No, that's not it. How about, "Well, we mustn't keep our public waiting…"? Yeah, now we're on the right track. People aren't morons. People know what they want, and 2012 forecasts suggest that you as a restaurateur had better know what they want too. If Punxsutawney Phil keeps his public waiting, we just have to deal with six more weeks of winter. If you keep your public waiting, they'll get what they need somewhere else.
At the ICR XChange last month, there was plenty of talk about 2012 being "the year of the restaurant." Nicole Miller Regan of PiperJaffray cited a handful of trends that elicit optimism for 2012 including consumers continuing to spend dollars away from home, a more balanced supply-demand unit equation, and ongoing investment in technology.
Consider that in many establishments a receipt is no longer simply a way of letting customers know how much they owe. The new age of receipts, dubbed "smart receipts ," do provide the expected pricing but may also include nutritional information, targeted coupons, and various other promotional materials to help drum up sales. Remember, too, that one restaurant in particular gained great publicity last year by presenting their menu to customers on iPads, and it's clear that even if this ongoing investment in technology doesn't help pave the way for a strong 2012 in the restaurant industry, technology is changing things.
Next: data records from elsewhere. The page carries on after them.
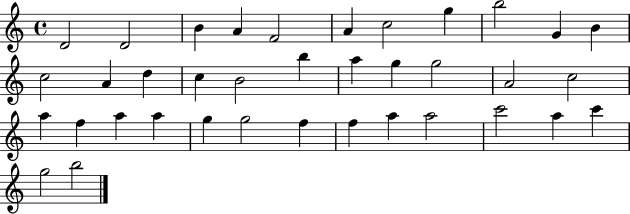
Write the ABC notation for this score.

X:1
T:Untitled
M:4/4
L:1/4
K:C
D2 D2 B A F2 A c2 g b2 G B c2 A d c B2 b a g g2 A2 c2 a f a a g g2 f f a a2 c'2 a c' g2 b2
And it is pretty cool.
Flash forward to today, when the National Restaurant Association's 2012 Restaurant Industry Forecast was released. The NRA's forecast firmly supports Miller Regan's bold assertion, noting that industry sales are expected to soar to a record high of $632 billion this year. This will provide a 3.5% increase over 2011, which grew 4% over 2010, which in turn grew 3.1% over 2009 and, well, you get the picture. Like many industries, growth of the restaurant industry stalled during the recession a few years prior, but things are clearly looking up.
So whether or not you believe a giant squirrel can accurately predict the weather, Groundhog Day serves as a reminder that the more things change, the more they stay the same. Maybe iPads slowly will supplant traditional menus and receipts will be used more and more as a marketing tool, but people will always keep aside the time and money for dining out. And, if industry sales of the past two years and projections for this coming year are any indication, they will be doing so in record numbers.